On angels and afterlife

On Nov 29 Catherine White Holman, my friend of 17 years, was killed in a plane crash.

It seems unreal to me still, even as I write these words. She was so beloved by so many. How could truth be so cruel, so unfair and brutal?

The last 12 days have been a blur of tears and grief and joy and old friends and buried hatchets and community.

Catherine was known for her enormous heart, and the evidence that her heart is still beating in all of us is everywhere: the amazing army of friends and family who gathered immediately; the crowd of souls who sent so many condolences that it crashed the website; the hundreds of mourners who lined the candlelit streets and filled the WISE Hall for an eight-hour wake the likes of which even this Irish Catholic kid has never seen.

All of this shone a light on how much she brought to this world, and just how much she will be missed. All of this is a sign of the passing of a truly remarkable woman.

This year was grief-heavy for me. My beloved gran Florence passed away in May, and then Catherine, who truly was one of my very favourite ladies in the whole wide world.

I have studied loss these last few months and pondered the giant questions of life.

I am told that Catherine did not believe in a life after death, and this is something I never discussed with her. I know for certain that my gran believed in heaven, and if there is anything resembling a great reward in the sky, then I know of no souls more deserving than these two women.

The Catholic sisters at my gran’s funeral confessed to me that they looked to Flo when their own faith wavered, as my gran’s never, ever faltered.

Catherine leaves behind thousands of people who she helped find a doctor or housing or treatment or simply just listened to, people who have sworn that she saved their lives. If you ask me, if they both are not angels right now, then there is no such thing.

As for afterlife, I know what I would like to believe, and I know what I feel. There is no evidence of a heaven, but I do see traces of an afterlife every single day. I believe that people live on in the people who live. It’s as simple as that.

My gran lives on in me every time I recycle a Ziploc bag, every day that I work hard, every time I reach out to care for my family, every time I remember to be grateful, every time I remember my scarf and gloves, every time I eat the leftovers instead of letting them go to waste. Every time I eat a raspberry hard candy and stuff a used Kleenex into my jacket pocket. Every time I light a candle, she is there in me.

 

Catherine helped me through some rough times. Several years ago, I dragged a friend of mine off the streets and kept her home with me for a couple of weeks while she cleaned up and tried to get into a recovery program. Everyone else told me I was crazy, that my friend was a drug addict and a fuck-up and that I was just enabling her, keeping her from hitting bottom. Everyone told me the best thing I could do was nothing, and let my friend eventually help herself.

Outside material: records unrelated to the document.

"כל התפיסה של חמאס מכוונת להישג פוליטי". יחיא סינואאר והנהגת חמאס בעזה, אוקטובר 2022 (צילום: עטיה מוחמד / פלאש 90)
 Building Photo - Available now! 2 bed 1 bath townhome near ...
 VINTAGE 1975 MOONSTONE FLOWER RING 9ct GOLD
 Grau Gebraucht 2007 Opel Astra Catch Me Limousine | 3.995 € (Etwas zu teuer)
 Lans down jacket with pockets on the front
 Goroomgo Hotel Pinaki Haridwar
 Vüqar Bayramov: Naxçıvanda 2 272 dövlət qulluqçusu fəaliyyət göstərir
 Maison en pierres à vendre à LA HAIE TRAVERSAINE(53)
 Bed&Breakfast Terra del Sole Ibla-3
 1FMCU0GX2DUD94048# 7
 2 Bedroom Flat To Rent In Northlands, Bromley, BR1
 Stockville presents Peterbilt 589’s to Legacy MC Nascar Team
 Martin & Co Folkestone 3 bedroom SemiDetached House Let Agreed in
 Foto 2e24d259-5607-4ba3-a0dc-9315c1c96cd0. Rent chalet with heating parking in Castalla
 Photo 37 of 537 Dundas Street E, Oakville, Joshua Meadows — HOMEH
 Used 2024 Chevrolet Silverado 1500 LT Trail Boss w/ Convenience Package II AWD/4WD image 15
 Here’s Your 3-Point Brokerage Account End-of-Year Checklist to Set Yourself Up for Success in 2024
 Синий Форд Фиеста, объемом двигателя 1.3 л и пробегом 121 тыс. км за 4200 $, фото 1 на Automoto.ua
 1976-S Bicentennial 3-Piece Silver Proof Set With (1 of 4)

So I went to see Catherine. She showed me into her little office in Three Bridges and busted out a fresh box of Kleenex.

I explained to her that I had been calling every morning for 13 days to try to get my friend into detox, and by the time a bed finally became available, I was informed she was too clean for detox and now she was on a 60-day waiting list for a bed in a treatment house.

I told her I could barely sleep because of the stress, that I was afraid to leave my house in case the people my friend owed money to caught up with her, that I was afraid of being robbed or worse.

She took out a binder and told me to call this place and talk to this guy, not that guy but this guy, to tell him Catherine said so.

She told me who to call and where to go and what to do. And then she let me cry at her little coffee table for an hour. She told me I was a good friend, that I was doing the right thing, that everybody needed someone who wouldn’t give up on them.

She knew my friend too and loved her at least a little, I think.

She told me that if the roles were reversed, my friend would do the very same thing for me, and that no one would ever get clean without someone who believed that they could. And then where would we be?

So. This is what I know about an afterlife. Every time you remember to smile with your whole damn face, Catherine lives in you. Every time you welcome a stranger to the party. Every time you laugh with your whole body, every time you love with your whole heart.

Every time you dress up in your finest. Every time you flick your long silver hair and get that twinkle in your eye.

Every time you cry at a good story. Every time you drink tequila and smoke on your porch in your chair. Every time you wink at a cute butch. Every time you ride on the back of a motorcycle. Every time you stick up for the underdog, the unlucky, the disenfranchised, the addicted, the people whose family forgot them, the undervalued and the misunderstood, Catherine lives in you.

Every time you keep the peace, keep the faith, keep on keeping on. Every time you sing in the truck. Every time you fuck who you want where and how you want to without fear or shame or reservation, Catherine White Holman will be smiling at you from somewhere. This I know for sure.

Somebody told me at the memorial that the only way we could make up for losing a heart the size of Catherine’s is to put all of ours together.

My friend and neighbour saw me in the hallway of my building the other day, puffy eyed and numb. He said something I would like to remember. Something I will repeat.

He said, “I never know what the right thing to say is in these times, but I’m almost always around, and I got two ears to listen.”

I reckon that’s a pretty good start.